李林循著他的提點想了想,不由的就是倒抽一口涼氣:「世子是懷疑,這只是他們聲東擊西掩人耳目的伎倆?不管延陵大人還是潯陽郡主都只是個幌子,就是為了引開我們的注意力,其實真正在做這件事的人是康郡王?」

褚琪炎冷哼一聲,不置可否。

以褚琪楓和褚潯陽之間那般深厚的兄妹感情,他怎麼可能從始至終都對此事充耳不聞?這段時間所有的事情都是褚潯陽在出面,幾乎給他造成了一種錯覺

這只是褚潯陽一個人在同他斗!

若不是這幾天重新把所有的事情又再綜合考慮了一遍,他還真是險些要被這兄妹倆的障眼法被糊弄過去了。

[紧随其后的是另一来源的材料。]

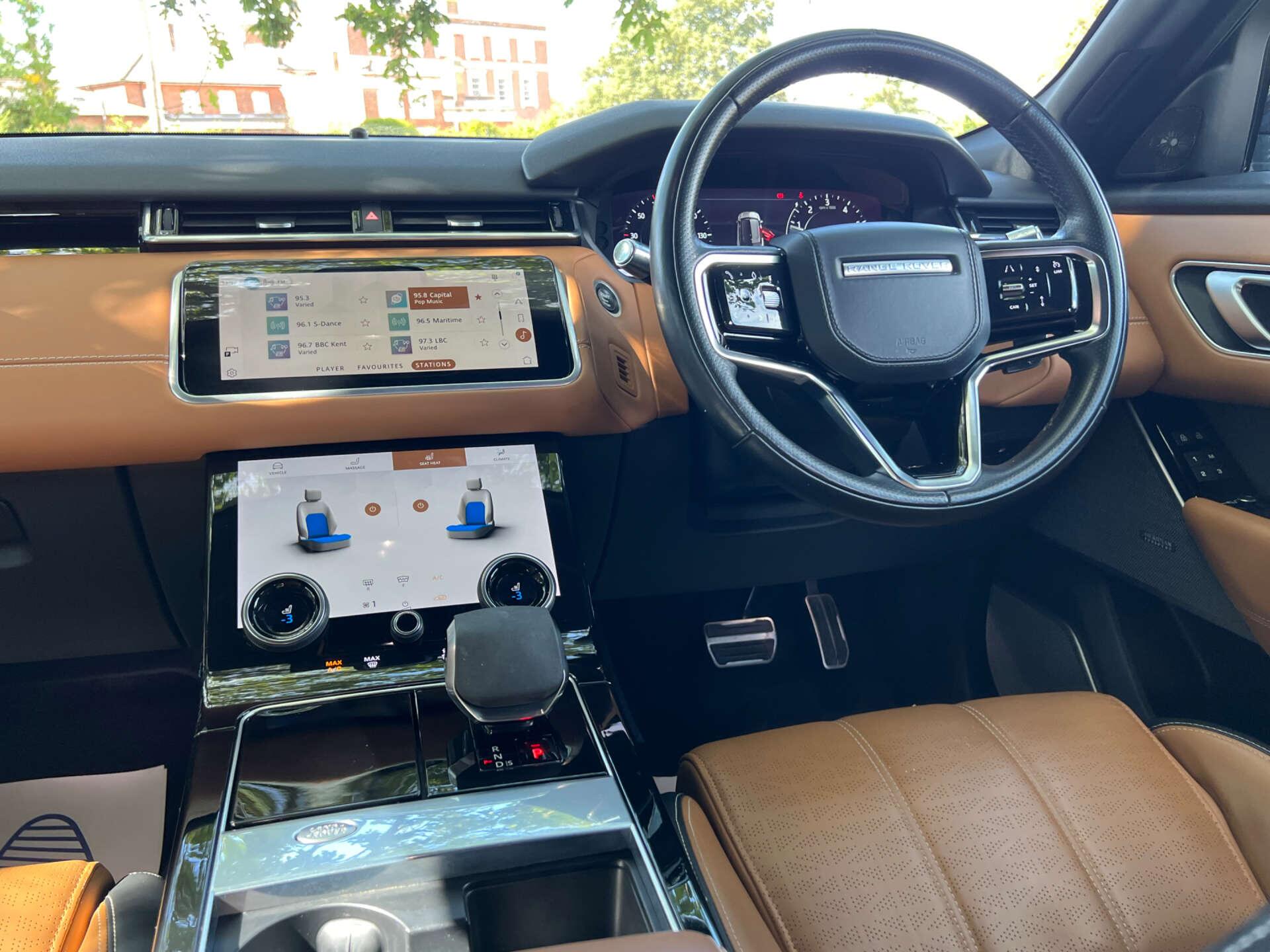 Land Rover Range Rover Velar view 33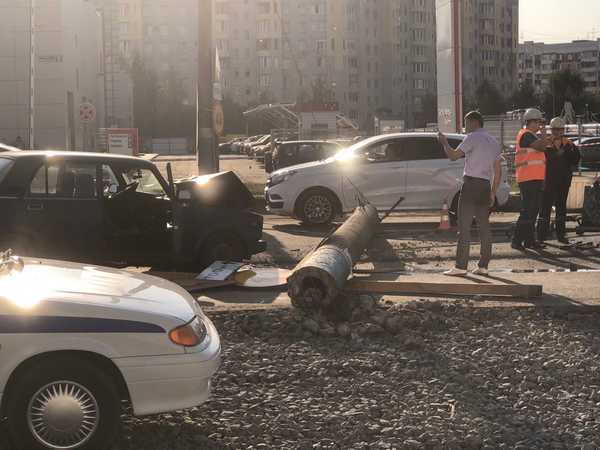 "Пункт назначения": в Брянске каток обрушил столб на легковушку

李林再不敢掉以輕心,連忙又追加了一道命令,吩咐了人嚴密注意整個東宮附近的動靜。

果然,約莫一刻鐘的功夫之後,空中再度掠過飛鳥的拍翅聲,一隻信鴿自東宮的方向飛來。

李林的精神一震,連忙過去拆閱竹筒里的密信,看完之後又是提了口氣:「世子,康郡王果然另外帶人出城了!」

褚琪炎冷笑一聲,露出一副早知如此的表情,一邊攏了攏身上大氅打馬往箱子外面走,一邊問道:「走的是哪道城門?」

「南城門!」李林道。

「走!」褚琪炎道,出了巷子就片刻也不遲疑的打馬往南城門的方向奔去。

*

夜幕之下,銀白的月光灑了一地。

高高的城門樓頭上,守城士兵身上的金屬鎧甲反射出清冷的寒光,將這冬夜之中的空氣渲染的又更森寒冷厲了幾分。

眼下不過初更十分,這城門內外已經人影絕技,空蕩蕩的一片,士兵們卻不敢掉以輕心,仍舊敏銳的觀察著四面的動靜,不敢有一絲一毫的疏漏。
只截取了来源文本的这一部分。